Mientras con mi amiga Mariana íbamos avanzando por las ciudades, encontrábamos distintos vestigios de centros imperiales con un alza preocupante de discursos fascistas, atentados casuales y miseria demodé. Las ciudades europeas habían dejado de ser capitales innovadoras para convertirse en parques temáticos basados en su propio pasado, en su propia historia. Nosotras pertenecíamos a una generación marcada por la movilidad social descendente y la erosión de la estabilidad que nos ofrecía el mundo de nuestros padres. En ese sentido, creo que el futuro que imagina la novela no es tanto una especulación sino más buen una lectura hiperbólica del presente. Al mismo tiempo, construyó una predicción personal desafortunada: en la novela, los tres hermanos huyen de Nordelta en la medida en la que se destruye su familia, sus padres se separan y ellos desaparecen en el éter de lo cosmopolita. Cuando volví a Buenos Aires con un primer borrador, mis viejos anunciaron que se divorciaban y, mientras me iba a vivir a Nueva York, mi papá se mudó casi de inmediato a Nordelta.

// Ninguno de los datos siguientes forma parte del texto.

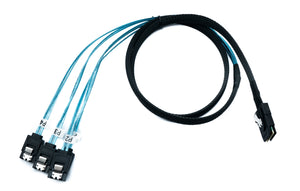 SYSTEM-S SFF-8087 Kabel 100 cm Mini SAS 36 Pin zu 4x SATA 7 Pin für RAID Festplatte Motherboard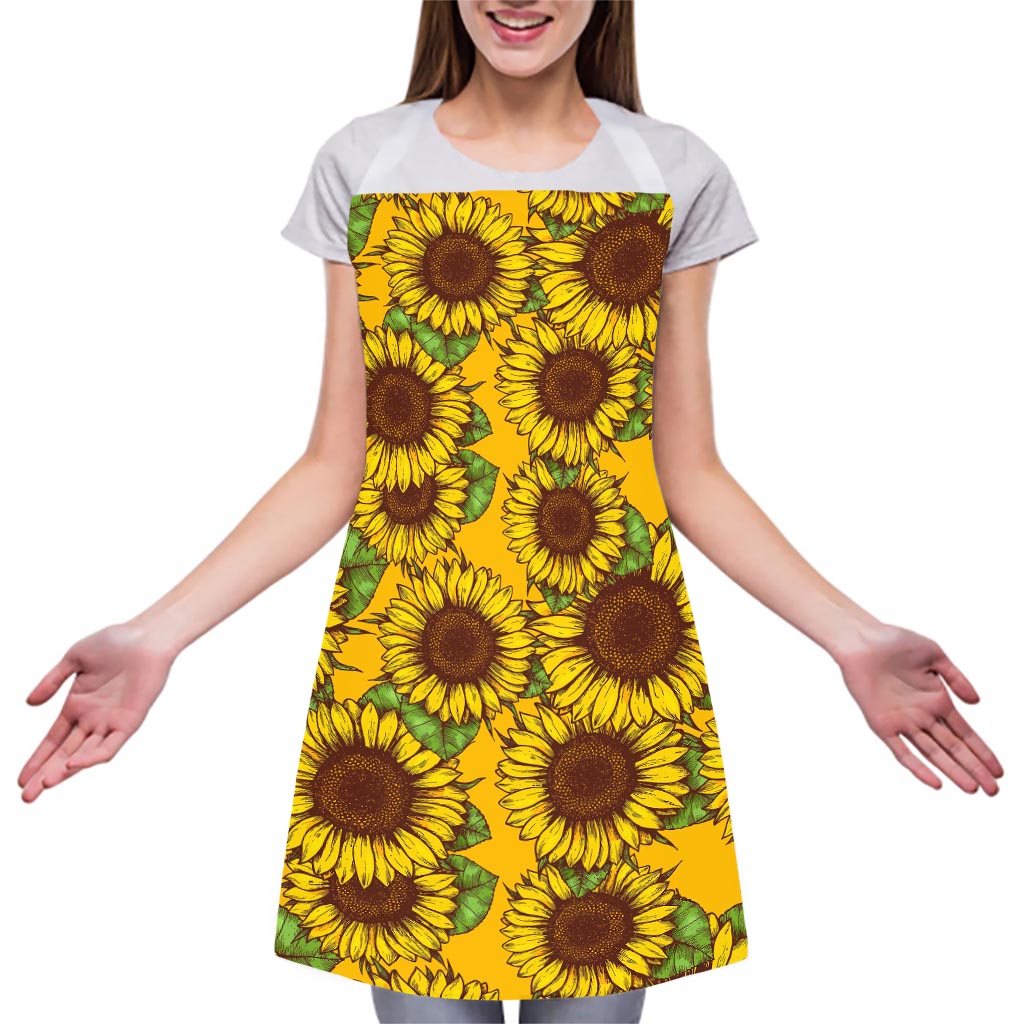 Classic Vintage Sunflower Pattern Print Adjustable Apron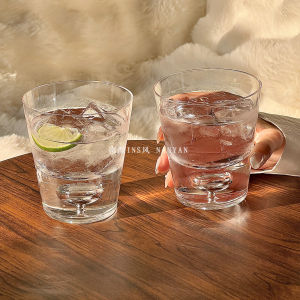 250ml Whiskey Pure Drink Cup Bar Beer Glass Brandy Alcohol Cup Thick Bottom Beverage Glass Ins Style Single Layer round Shape
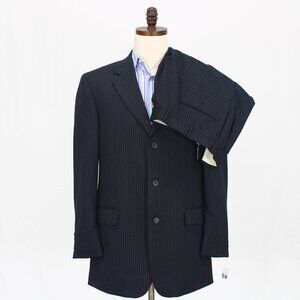 Bill Blass 42L 36x31 Navy Full Suit 3-Button Stripe R654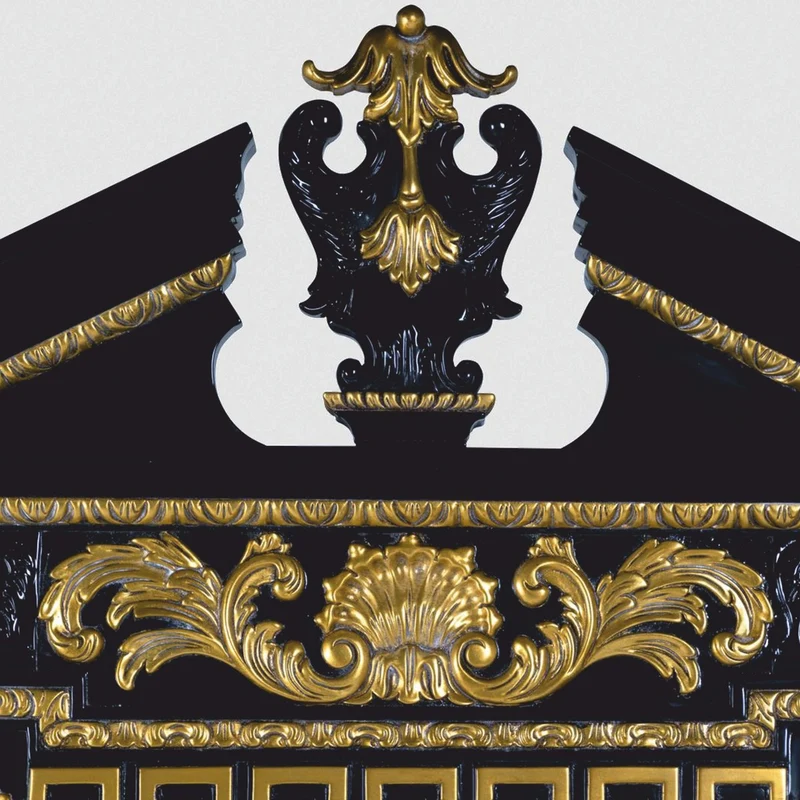 Casa Padrino Luxus Barock Spiegel Schwarz / Gold H. 189 cm - Barockstil Möbel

Como el 2001, las tragedias políticas y eventos deportivos funcionan en Atomizado Berlín como una forma de ritmo, el metrónomo familiar de las experiencias colectivas. Quiero creer que, detrás del pesimismo de la novela, reside una suerte de nostalgia por un mundo anterior en comunidad y una confianza afortunada en la construcción a futuro. Cuando los Goldstein se fugan –al centro de un continente que medio siglo atrás los hubiera expulsado– lo hacen construyendo una suerte de comunidad afectiva en el vínculo que sostienen a través de internet, en el fútbol y en la política; un shtetl imaginario en el que conviven ellos tres y sus amigos y que se configura siempre como el primer círculo de lo filial. Entre ellos se divierten, prueban unas drogas, hacen unos chistes. Me gustaría pensar que, a pesar del presente siniestro, de la atomización emocional y el desvanecimiento progresivo de todo lo material en el aire, seguimos teniendo la posibilidad similar de ese encuentro a futuro.